### WHAT IS NEEDED
Please print nothing but the lines from the one with "5572 Liberty Lane - Photo 6" to the last line of the records below, and omit pictures.

### ENTRIES SUPPLIED
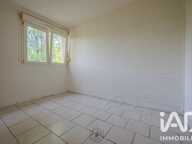 Vente Appartement 4 pièces — photo 3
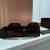 Dolce & Gabbana Women Sun Glasses 2 thumbnail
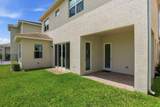 5572 Liberty Lane - Photo 6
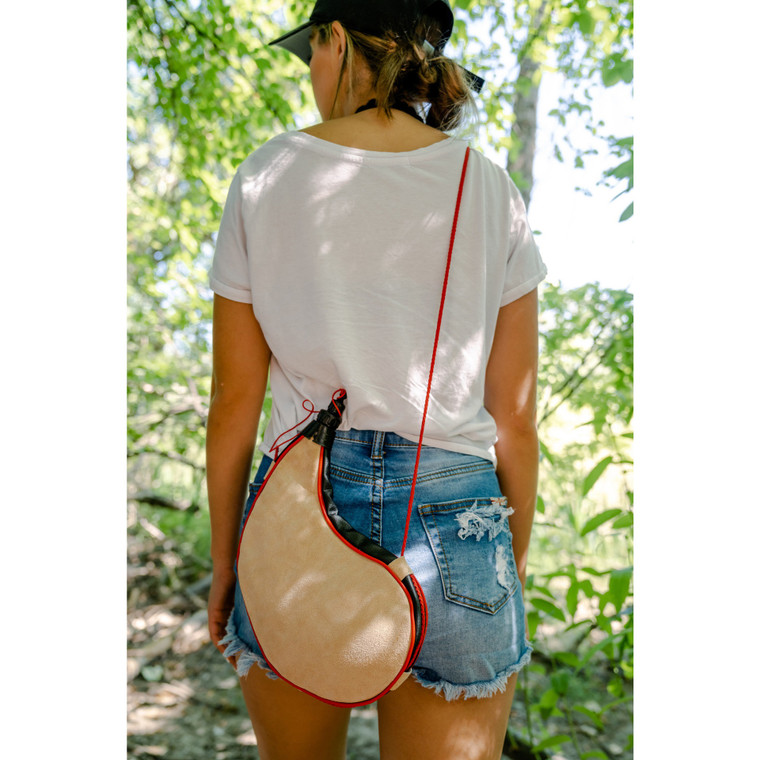 STAN WINE BAG 1 LITRE  (WB-2)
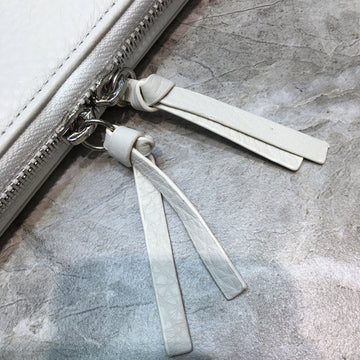 Pearl Street Bags -BGA Lady Bags - 708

### SOLUTION TO THE EXERCISE
 5572 Liberty Lane - Photo 6
 STAN WINE BAG 1 LITRE  (WB-2)
 Pearl Street Bags -BGA Lady Bags - 708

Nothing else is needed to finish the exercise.